Source: Deep Learning on Medium

Author: Jimmy Jin, researcher of Corpy&Co., Inc. Specialized in Medical Image Processing.

Abstract: While DNNs deliver state-of-the-art accuracy on many AI tasks, it comes at the cost of high computational complexity. In real applications, energy-efficiency algorithms play a crucial part in real-time and small-scale systems. When we start to consider this speed-up optimization, trade-offs are considered between different algorithms. The article will briefly discuss several different approaches on efficient inference. The basic idea is to maximize accuracy without much consideration of the implementation complexity.

**Reduce Precision**

Quantization involves mapping data to a smaller set of quantization levels. The ultimate goal is to minimize the error between the reconstructed data from the quantization levels and the original data. The number of quantization levels reflects the precision and ultimately the number of bits required to represent the data (usually log2 of the number of levels); thus, reduced precision refers to reducing the number of levels, and thus the number of bits. The benefits of reduced precision include reduced storage cost and/or reduced computation requirements.

There are several ways to map the data to quantization levels. The simplest method is a mapping with uniform distance between each quantization level. Another approach is to use a simple mapping function such as a log function where the distance between the levels varies; this mapping can often be implemented with simple logic such as a shift.

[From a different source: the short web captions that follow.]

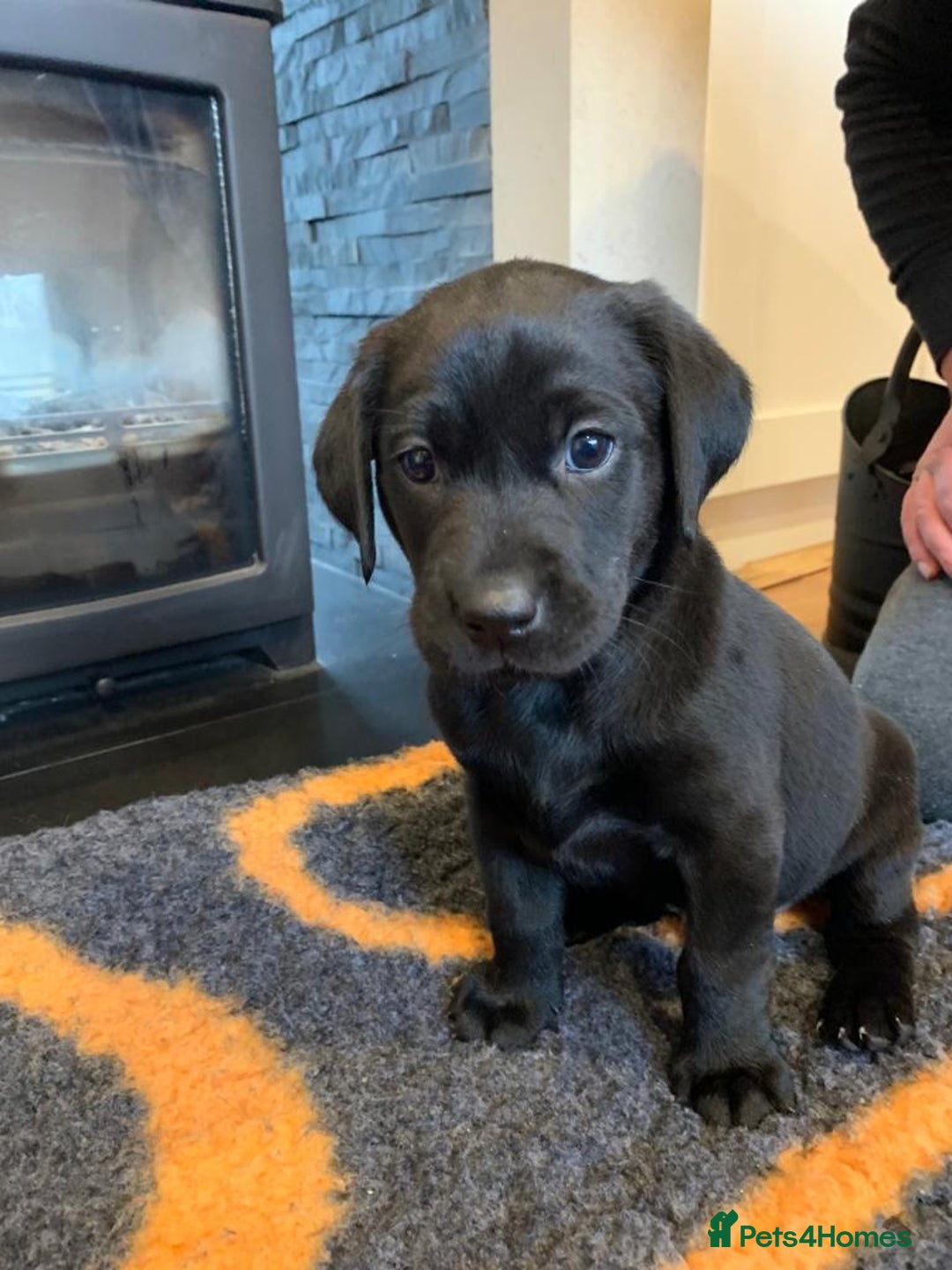 Labrador Retriever dogs for sale: KC Registered Labrador Puppies - Image 6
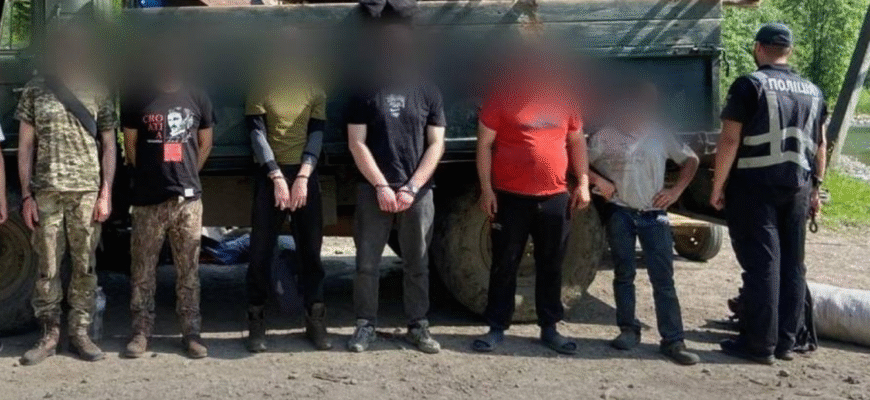 Біжать з коровами і свинями: ухилянти розробили новий спосіб перетнути кордон – скільки це коштує. Фото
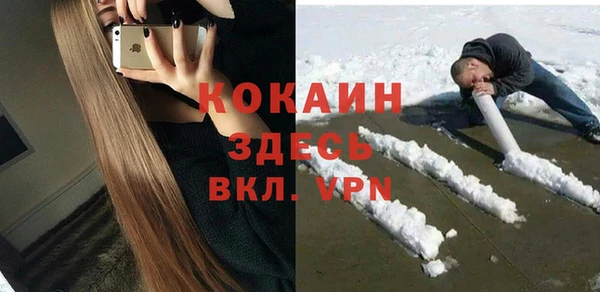 винт Абаза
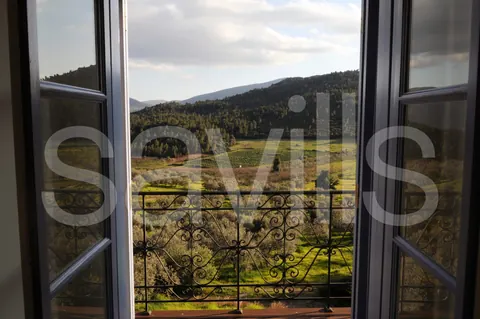 Country Ranch/Farm Vineyard views private forest, 11 bedrooms in Peloponnese price for sale For Super Rich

The key techniques used in recent work to reduce precision are summarized in Table 1; both uniform and nonuniform quantizations applied to weights and activations are explored. The impact on accuracy is reported relative to a baseline precision of 32-bit floating point, which is the default precision used on platforms such as GPUs and CPUs.

**Exploiting Activation Statistics**

ReLU is a popular form of nonlinearity used in DNNs that sets all negative values to zero. As a result, the output activations of the feature maps after the ReLU are sparse. To compression, computer can choose to skip those zero-valued activations to reduce energy and cost.

**Network Pruning**

To make network training easier, the networks are usually overparameterized. Therefore, a large amount of the weights in a network are redundant and can be removed (i.e., set to zero). This process is called network pruning.

Aggressive network pruning often requires some fine-tuning of the weights to maintain the original accuracy. The low- saliency weights were removed and the remaining weights were fine-tuned; this process was repeated until the desired weight reduction and accuracy were reached.

In all, great deals of work can be utilized to make deep neural network more efficient. As the basic image recognition problem has already reached the start of the art performance. More researches on more efficient deep neural network will be deployed in the future, and a crucial step for industry.

**Reference**

ViVienne Sze, Efficient Processing of Deep Neural Networks: A Tutorial and Survey, IEEE, Vol. 105, №12.